(Guest Post by Matthew Ladner)
A few months ago, I provided a quick analysis of DCPS NAEP scores under Michelle Rhee. Having looked into the fine details, I believe that I underestimated the positive trend in DCPS reading scores during the 2007-2011 period.
NAEP has long dealt with a tricky issue with varying inclusion rates for special education and English language learners between jurisdictions. In 2011, the NAEP adopted inclusion rate standards for ELL and SD students, and notified readers of jurisdictions that violated those standards in an appendix.
Some states and jurisdictions had far more successful efforts to comply with these efforts than others. As you can see from the figure below, DC would have been far out of compliance with these standards (had they been in place) during the 1990s and (especially) in 2007. In 2007, DCPS had excluded nearly three times as many students as permissible under the 2011 standards.
So in 2007, DCPS officials excluded 14% of students from 4th Grade NAEP testing, and in 2011 that figure fell to 3% (the inclusion for all students standard in 2011 was 95%). In 2007, DCPS stood far out of compliance, but came well within compliance in 2011. This is all well and fine, other than the fact that it complicates our ability to assess the recent history of DC NAEP gains.

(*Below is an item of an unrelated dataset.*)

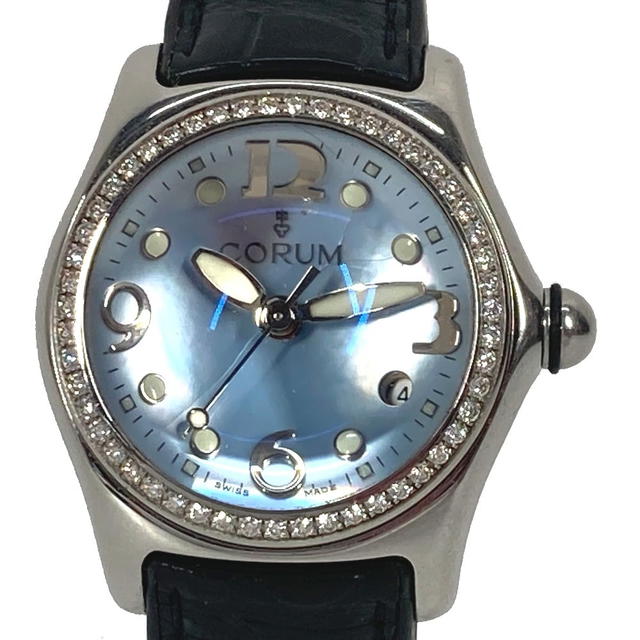 Corum CORUM 39.151.47 Women's watch Bubble Diamond Bezel Wristwatch SS blue/Black - view 2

In order to get a clearer picture on this, I decided to run 4th Grade NAEP scores for students outside of ELL or special education programs. This should minimize the impact of inclusion policy changes. Examined in this fashion, you get the following results:
Recall that the unadjusted total scores for 4th grade reading jumped from 197 in 2007 to 202 in 2009 but dropped back a point to 201 in 2011. That is a four point gain in four years, which ranks in meh territory. Given Figure 1 above, I am not exactly inclined to trust those scores, and in fact out second table tells quite a different story: general education students in DC made a 10 point gain between 2007 and 2011 on 4th grade reading. Ten points approximately equals a grade level worth of progress, so it is fair to say that DCPS general education 4th graders were reading approximately as well as 2007 general education 5th graders. Ten points ranks as the largest reading gain in the nation during this period for these students. Mind you, a 209 score for non-Ell and non-special ed students is still terribly low. Only gains will get DC out of the cellar, however, and DC banked solid gains during this period.
If you combine 4th and 8th grade reading gains for general education students, and only look at Free and Reduced lunch eligible students for a bit of socio-economic apples to apples, here is what you find:
DC students had the largest general education 4th grade reading gains in the country, and tie for first in the combined 4th and 8th grade reading gains. The District of Columbia, in short, made very substantial reading gains during the 2007-2011 period.